HOW DOES A 6000-POUND SUV AMBLE 16,000 FEET UP THE ANDES?
Quite nicely, thank you, due to several key innovations. First is the engine. Our LR3 TDV6 is powered a 2.7-liter high-pressure common-rail turbodiesel V-6 engine making 188 horsepower and 325 pound-feet of torque. Despite the incredible elevations, our diesel LR3 never fails to get us where we need to go. Near the 16,000-foot summit, throttle response suffers noticeably, but all it takes is a simple mental recalibration to take care of the delay. And at lower elevations, all that torque is more than enough to tackle the serious rock-crawling situations Land Rover has set up for us.

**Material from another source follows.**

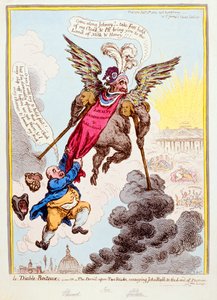 Le Diable-Boiteux, or The Devil upon Two Sticks Conveying John Bull to the Land of Promise, udgivet af Hannah Humphrey i 1806 (håndkoloreret radering)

The ease with which we skedaddle through tight crevasses and over steep inclines covered in loose rock is also due in part to Terrain Response, Land Rover's patented traction-control system. We simply turn the chunky rotary dial on the center console to one of five settings recommend by our instructors-general driving, slippery (aka grass/grave/snow), mud and ruts, sand, and rock crawl. Terrain Response does the rest and with little drama.
Terrain Response controls ride height, engine torque response, Hill Descent Control, Electronic Traction Control, as well as transmission and differential settings. Given all of this technology, it's no wonder we spend more time simply enjoying the amazing scenery ahead of us and less time worrying how we'll actually get there.
For 2008, U.S.-market Land Rover LR3s receive some minor interior upgrades. Plans to bring the TDV6 here have yet to be finalized, but we're hearing it could arrive as soon as 2010.